I complete the series of lectures on protein purification by talking about electrophoresis - which can be both a preparative and an analytical method.  Scopes' review, Protein purification in the nineties, stresses that the action is at the two ends of the size scale, large amounts of purified protein for industrial uses, very small amounts for sequencing by automated Edman degradation, around 1 µg, and even less for mass spectrometric analysis, 1-100 ng.  Electro­phoresis techniques devised for analysis can be the final step of preparation for these meth­ods.  The term "preparative electrophoresis" refers to procedures able to purify at least a few mg of protein at a time, as distinguished from analytical electrophoresis at the microgram level.
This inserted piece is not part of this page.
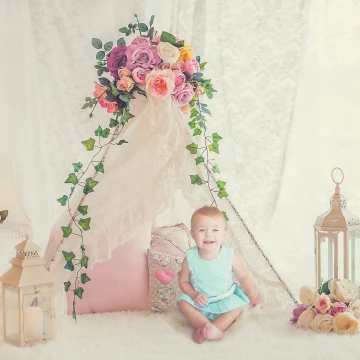 This is a composite of my daughter Cambria.  She is 1.5 years old and will soon be a big sister to another little girl! I wanted her to pop with all the beautiful colors around her, so I placed her in this darling little dress that her cousin gave her. 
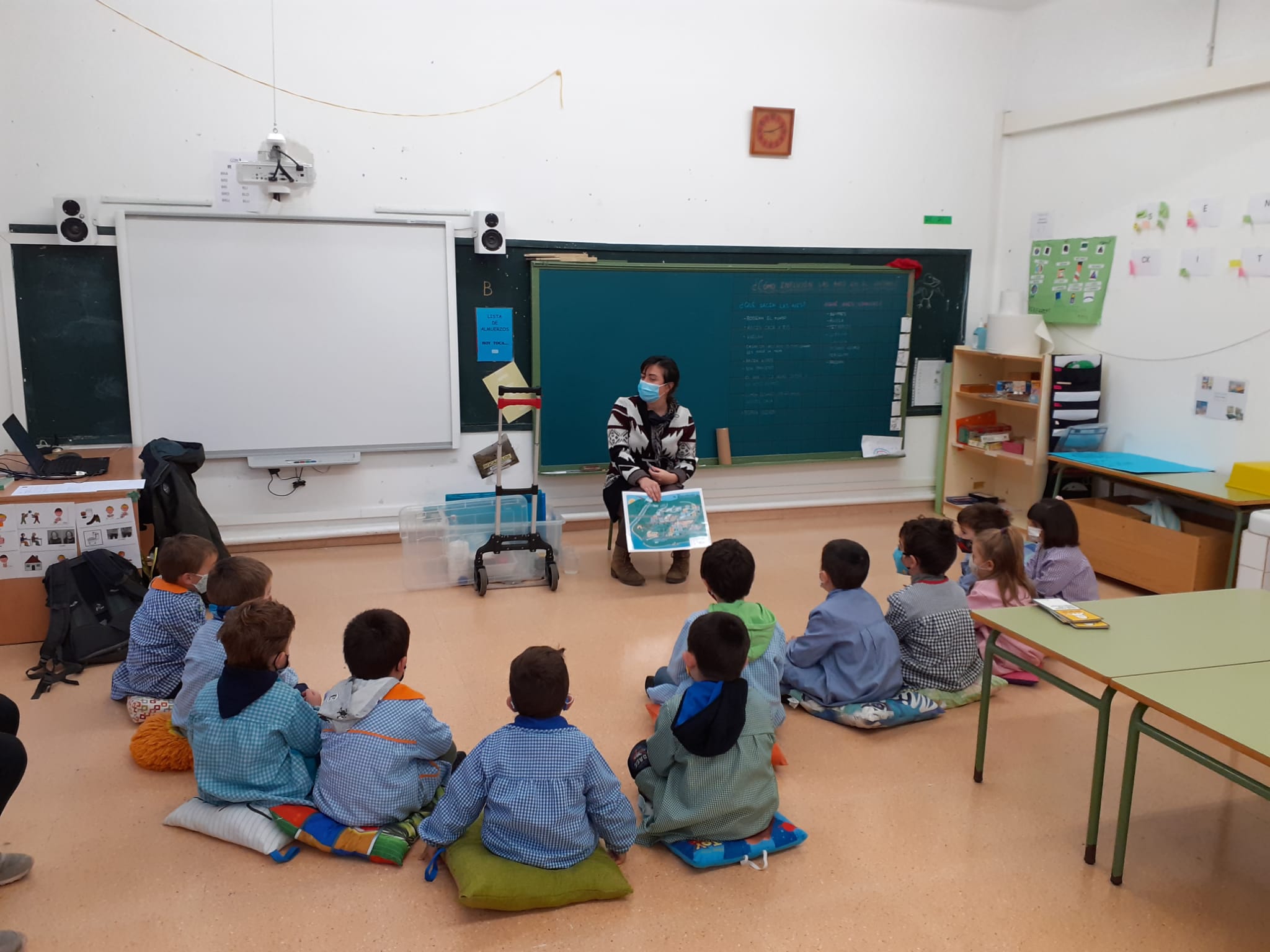 Fotografía de doce niños sentados en el suelo en un aula y una persona trabajadora de Nilsa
By electrophoresis we mean any method which separates proteins by mov­ing them in an electric field.  This topic can be subdivided in many ways: by whether it is used preparative­ly or analytically; by the type of electrophore­sis, especially whether it is a rate method or an end point method; by the mat­erial used as support during electrophoresis; by whether the protein is expected to remain biologically active after electrophoresis; and by methods of ana­lysis of the results.  However, one case among all these is best known; as Scopes says, many people will use polyacrylamide gel electro­phoresis in presence of sodium dodecyl sulfate without being aware that there are any other procedures!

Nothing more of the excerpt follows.